Six years ago, a shocking secret sent Agnes Pratt running in search of a new start. She found it in Penance, a rugged town of miners and lumberjacks in the Dakota Territory, where she became Miss Aggie, respected schoolteacher and confirmed old maid. But the past has a way of catching up with people.

When childhood friend and former sweetheart James Harris accepts a position as the town doctor, Aggie’s pleasantly predictable days suddenly become anything but. James wants to know why Agnes left behind the life they had dreamed of creating for themselves–but he is the one person who can never know.

In the shadows of the Black Hills, can a healing light be shed on the past? Or will the secret Agnes can’t seem to outrun destroy her chance at happiness?

My thoughts

Rachel Fordham returns to the 1880s frontier in her latest novel, A Life Once Dreamed. This is a historical romance that plunges readers into a setting where disease can wipe out families, birth holds many dangers and morals dictate social standing. This is a story about belonging and acceptance and finding your true family.

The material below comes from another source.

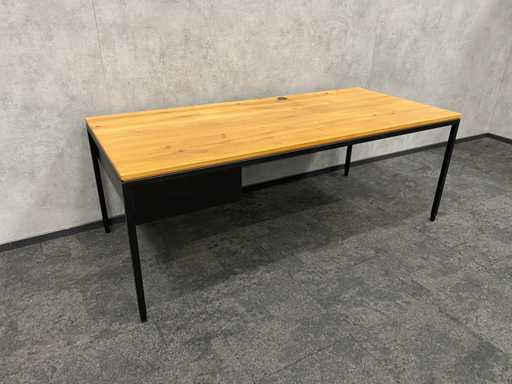 industrieel bureau 200x90 - in hoogte instelbaar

Agnes Pratt left Boston six years ago. She left behind the love of her life, but she knew they could never had a future together. Now she is teacher in a small frontier town. When James Harris appears in town as the new doctor, it brings up all their past and Aggie’s hurt. But she refuses to share the secret of why she left him all those years ago. When two disasters chance the course of their lives, Aggie and James will need to decide if what they share is enough to overlook all the obstacles that stand between them.

The setting Fordham creates feels very realistic. Times are hard and facilities basic for the people of Penance. The arrival of a doctor is cause for celebration – for everyone that is, except Aggie. Seeing James again shows her that her feelings haven’t changed, a love that is built on years of friendship and shared adventure, which we readers learn about through reflections, flashbacks and letters. Aggie closely guards her secret, even from readers for a good part of the book. I didn’t guess the direction her secret would take the book until the first disaster. I won’t spoil anything here.